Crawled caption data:
************

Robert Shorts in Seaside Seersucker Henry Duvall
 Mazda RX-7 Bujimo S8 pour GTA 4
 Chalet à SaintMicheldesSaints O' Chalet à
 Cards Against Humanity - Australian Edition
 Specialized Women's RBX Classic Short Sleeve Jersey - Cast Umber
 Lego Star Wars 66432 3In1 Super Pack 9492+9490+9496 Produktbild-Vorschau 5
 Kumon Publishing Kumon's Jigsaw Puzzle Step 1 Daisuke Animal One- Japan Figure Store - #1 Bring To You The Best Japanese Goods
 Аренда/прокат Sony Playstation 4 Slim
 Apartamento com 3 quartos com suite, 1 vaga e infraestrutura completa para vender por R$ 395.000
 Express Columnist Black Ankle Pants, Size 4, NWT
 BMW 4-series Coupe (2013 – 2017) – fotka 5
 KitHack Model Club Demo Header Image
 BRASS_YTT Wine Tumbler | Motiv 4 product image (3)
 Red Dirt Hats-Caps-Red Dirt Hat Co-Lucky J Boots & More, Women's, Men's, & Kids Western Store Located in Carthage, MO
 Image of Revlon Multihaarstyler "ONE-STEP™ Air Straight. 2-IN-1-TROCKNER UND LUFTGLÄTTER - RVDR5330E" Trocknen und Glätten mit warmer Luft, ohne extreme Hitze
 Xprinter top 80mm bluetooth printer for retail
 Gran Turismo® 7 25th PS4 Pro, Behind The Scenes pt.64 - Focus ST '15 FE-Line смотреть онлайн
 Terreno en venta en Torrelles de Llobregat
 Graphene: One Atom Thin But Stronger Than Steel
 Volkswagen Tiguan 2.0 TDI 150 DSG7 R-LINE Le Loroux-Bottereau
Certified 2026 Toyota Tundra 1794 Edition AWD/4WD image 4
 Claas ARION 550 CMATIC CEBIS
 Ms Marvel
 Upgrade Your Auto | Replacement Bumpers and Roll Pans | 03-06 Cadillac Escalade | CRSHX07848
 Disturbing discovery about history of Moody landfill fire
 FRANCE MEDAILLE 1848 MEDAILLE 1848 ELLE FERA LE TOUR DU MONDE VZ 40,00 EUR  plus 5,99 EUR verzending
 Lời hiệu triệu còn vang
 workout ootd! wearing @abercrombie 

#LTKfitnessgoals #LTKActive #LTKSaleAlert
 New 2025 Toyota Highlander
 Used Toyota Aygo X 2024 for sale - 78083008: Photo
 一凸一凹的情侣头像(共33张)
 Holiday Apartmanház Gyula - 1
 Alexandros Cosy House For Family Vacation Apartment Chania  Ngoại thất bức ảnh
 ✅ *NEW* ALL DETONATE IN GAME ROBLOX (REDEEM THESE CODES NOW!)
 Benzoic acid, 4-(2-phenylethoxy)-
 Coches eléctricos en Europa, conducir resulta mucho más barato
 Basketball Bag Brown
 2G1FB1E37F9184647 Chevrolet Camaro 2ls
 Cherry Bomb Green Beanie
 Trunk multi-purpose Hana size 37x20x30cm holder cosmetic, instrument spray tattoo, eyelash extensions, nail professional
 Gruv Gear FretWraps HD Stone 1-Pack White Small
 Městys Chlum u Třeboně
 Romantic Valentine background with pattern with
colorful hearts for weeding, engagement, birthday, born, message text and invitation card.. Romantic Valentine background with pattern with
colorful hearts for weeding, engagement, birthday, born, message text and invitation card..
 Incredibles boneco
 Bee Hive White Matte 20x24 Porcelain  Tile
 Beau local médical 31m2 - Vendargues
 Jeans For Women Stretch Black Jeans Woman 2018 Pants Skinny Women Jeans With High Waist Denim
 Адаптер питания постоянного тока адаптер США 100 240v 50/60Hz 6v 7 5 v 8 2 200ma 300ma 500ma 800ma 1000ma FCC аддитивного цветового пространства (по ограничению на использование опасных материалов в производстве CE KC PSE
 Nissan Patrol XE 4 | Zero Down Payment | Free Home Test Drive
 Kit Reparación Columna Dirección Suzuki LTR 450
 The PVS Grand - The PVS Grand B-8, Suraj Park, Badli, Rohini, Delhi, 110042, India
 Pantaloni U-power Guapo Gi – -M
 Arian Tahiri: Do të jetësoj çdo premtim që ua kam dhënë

************

WORK TO BE COMPLETED
Could you reproduce, exactly, every line above from the line with "Gran Turismo® 7" to the line with "Certified 2026 Toyota", and no other line? Both ends count.

SOLUTION FOR THIS TASK
 Gran Turismo® 7 25th PS4 Pro, Behind The Scenes pt.64 - Focus ST '15 FE-Line смотреть онлайн
 Terreno en venta en Torrelles de Llobregat
 Graphene: One Atom Thin But Stronger Than Steel
 Volkswagen Tiguan 2.0 TDI 150 DSG7 R-LINE Le Loroux-Bottereau
Certified 2026 Toyota Tundra 1794 Edition AWD/4WD image 4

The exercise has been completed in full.